Bibcode
Martínez-Núñez, Silvia; Kretschmar, Peter; Bozzo, Enrico; Oskinova, Lidia M.; Puls, Joachim; Sidoli, Lara; Sundqvist, Jon Olof; Blay, P.; Falanga, Maurizio; Fürst, Felix; Gímenez-García, Angel; Kreykenbohm, Ingo; Kühnel, Matthias; Sander, Andreas; Torrejón, José Miguel; Wilms, Jörn
Referencia bibliográfica
Space Science Reviews, Volume 212, Issue 1-2, pp. 59-150
Fecha de publicación:
10
2017
Revista
Número de citas
114
Número de citas referidas
94
Descripción
Massive stars, at least ˜10 times more massive than the Sun, have
two key properties that make them the main drivers of evolution of star
clusters, galaxies, and the Universe as a whole. On the one hand, the
outer layers of massive stars are so hot that they produce most of the
ionizing ultraviolet radiation of galaxies; in fact, the first massive
stars helped to re-ionize the Universe after its Dark Ages. Another
important property of massive stars are the strong stellar winds and
outflows they produce. This mass loss, and finally the explosion of a
massive star as a supernova or a gamma-ray burst, provide a significant
input of mechanical and radiative energy into the interstellar space.
These two properties together make massive stars one of the most
important cosmic engines: they trigger the star formation and enrich the
interstellar medium with heavy elements, that ultimately leads to
formation of Earth-like rocky planets and the development of complex
life. The study of massive star winds is thus a truly multidisciplinary
field and has a wide impact on different areas of astronomy.

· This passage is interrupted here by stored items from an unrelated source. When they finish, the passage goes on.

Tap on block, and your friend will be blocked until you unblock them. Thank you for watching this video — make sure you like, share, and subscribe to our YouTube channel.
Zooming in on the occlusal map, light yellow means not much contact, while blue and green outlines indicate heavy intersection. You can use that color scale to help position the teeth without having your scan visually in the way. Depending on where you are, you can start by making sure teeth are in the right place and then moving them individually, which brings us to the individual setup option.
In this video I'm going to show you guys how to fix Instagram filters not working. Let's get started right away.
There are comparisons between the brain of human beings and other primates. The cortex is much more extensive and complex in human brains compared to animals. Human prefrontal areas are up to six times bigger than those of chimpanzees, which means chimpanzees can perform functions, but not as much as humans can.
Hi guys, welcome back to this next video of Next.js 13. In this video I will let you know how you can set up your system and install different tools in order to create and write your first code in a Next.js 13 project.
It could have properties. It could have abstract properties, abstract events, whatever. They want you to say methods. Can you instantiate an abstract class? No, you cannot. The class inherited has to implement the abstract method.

In recent years observational and theoretical evidences have been
growing that these winds are not smooth and homogeneous as previously
assumed, but rather populated by dense "clumps". The presence of these
structures dramatically affects the mass loss rates derived from the
study of stellar winds. Clump properties in isolated stars are nowadays
inferred mostly through indirect methods (i.e., spectroscopic
observations of line profiles in various wavelength regimes, and their
analysis based on tailored, inhomogeneous wind models). The limited
characterization of the clump physical properties (mass, size) obtained
so far have led to large uncertainties in the mass loss rates from
massive stars. Such uncertainties limit our understanding of the role of
massive star winds in galactic and cosmic evolution.
Supergiant high mass X-ray binaries (SgXBs) are among the brightest
X-ray sources in the sky. A large number of them consist of a neutron
star accreting from the wind of a massive companion and producing a
powerful X-ray source. The characteristics of the stellar wind together
with the complex interactions between the compact object and the donor
star determine the observed X-ray output from all these systems.

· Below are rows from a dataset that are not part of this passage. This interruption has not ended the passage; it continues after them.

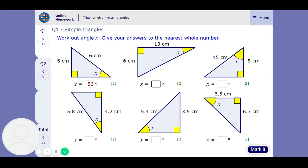This one, we've got the opposite and the adjacent, so it's going to be tan. Opposite over adjacent. It's going to be 25 to the nearest whole number.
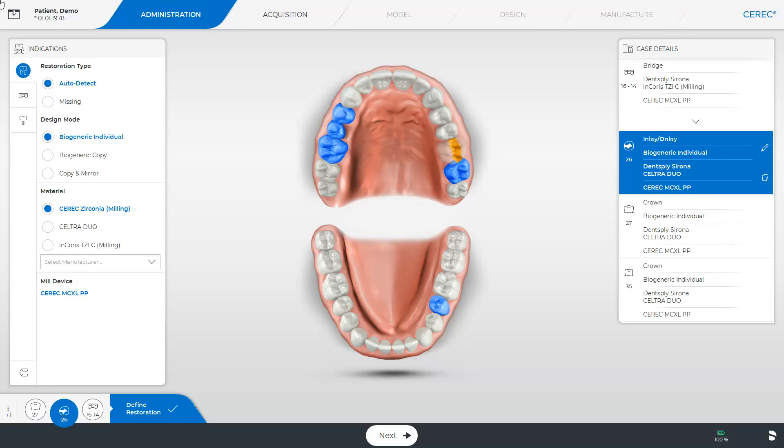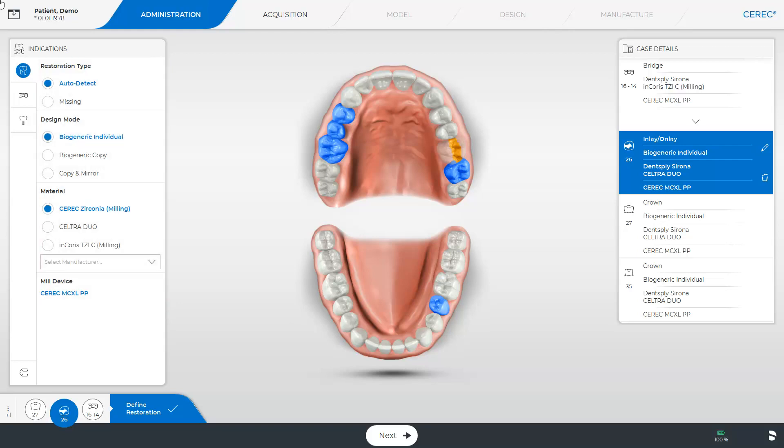The patient has been created and in the administration phase we have selected all relevant settings such as the restoration type, the design mode, the material and the positions within the odontogram. By tapping next we switch to the acquisition phase.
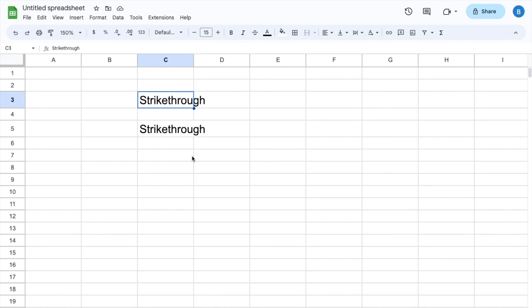If you want to do it again, Command+Shift+X. There you go. It is now strikethrough. So that is how you can strike through text in Google Sheets. I hope this video helps.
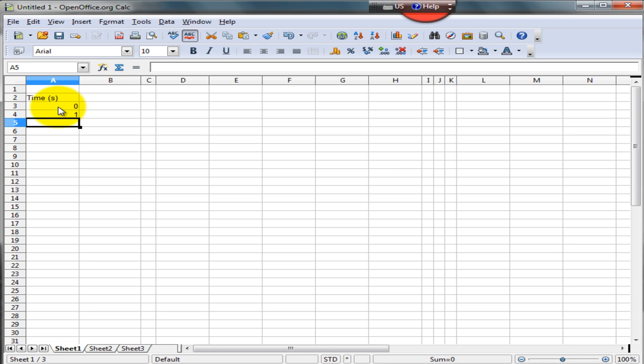We could enter these values manually by hand, but this could get very tedious if we have numerous values of time to enter. Instead, what we do is use a feature of calc that enables us to automatically enter these values of time.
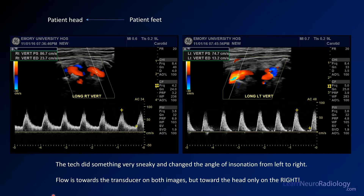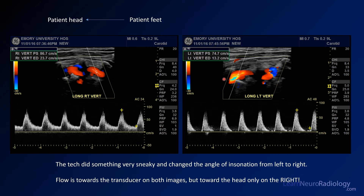On the ultrasound, the tech has done something tricky — they've changed the direction of insonation. On the right vertebral artery with normal forward flow, you see red flow toward the transducer with insonation going this way. On the left side, the insonation is now away from the transducer, so the red flow is actually going toward the feet, meaning the left vertebral artery flow is reversed. The waveform here is also different, so be careful — techs will sometimes flip the insonation direction on you, so you have to look at the angle of insonation carefully.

Consequently, the use of SgXBs for studies of massive stars is only
possible when the physics of the stellar winds, the compact objects, and
accretion mechanisms are combined together and confronted with
observations.
This detailed review summarises the current knowledge on the theory and
observations of winds from massive stars, as well as on observations and
accretion processes in wind-fed high mass X-ray binaries. The aim is to
combine in the near future all available theoretical diagnostics and
observational measurements to achieve a unified picture of massive star
winds in isolated objects and in binary systems.